(Source material)
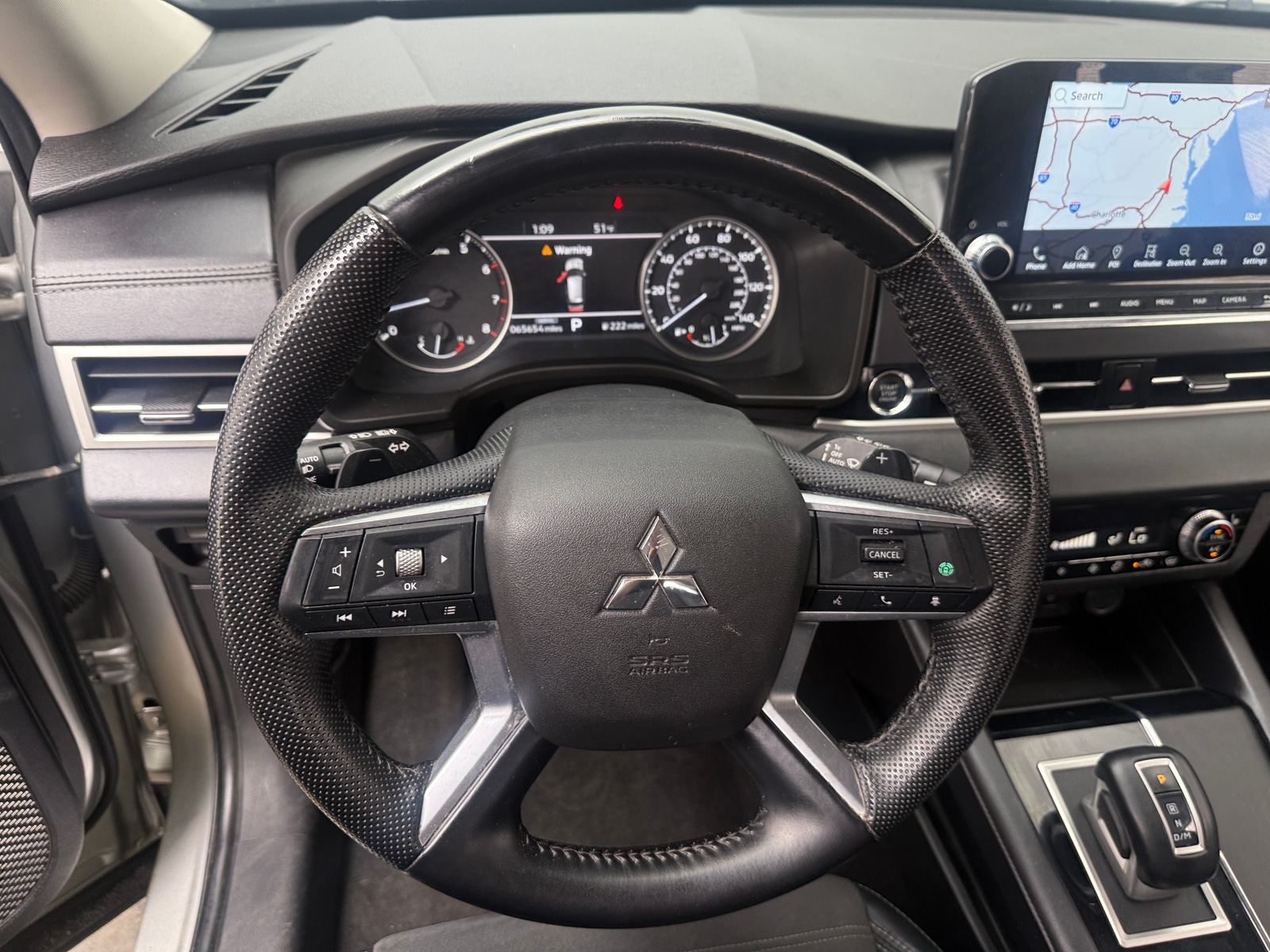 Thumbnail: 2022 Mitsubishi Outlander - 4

--

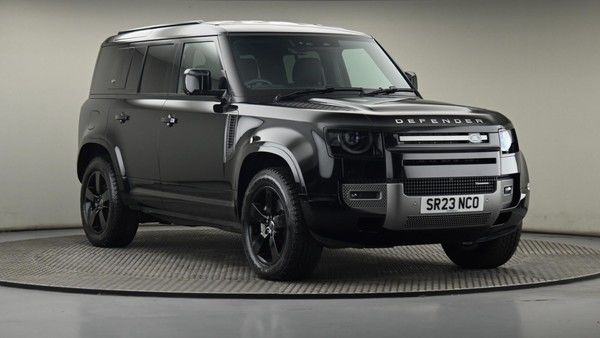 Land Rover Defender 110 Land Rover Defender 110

...

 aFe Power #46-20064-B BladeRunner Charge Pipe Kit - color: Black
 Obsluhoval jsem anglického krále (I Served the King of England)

(Exercise) Write down again, exactly as given, only the lines above that fall from the line with "aFe Power #46-20064-B" to the line with "Obsluhoval jsem anglického", inclusive.

(Solution below)
 aFe Power #46-20064-B BladeRunner Charge Pipe Kit - color: Black
 Obsluhoval jsem anglického krále (I Served the King of England)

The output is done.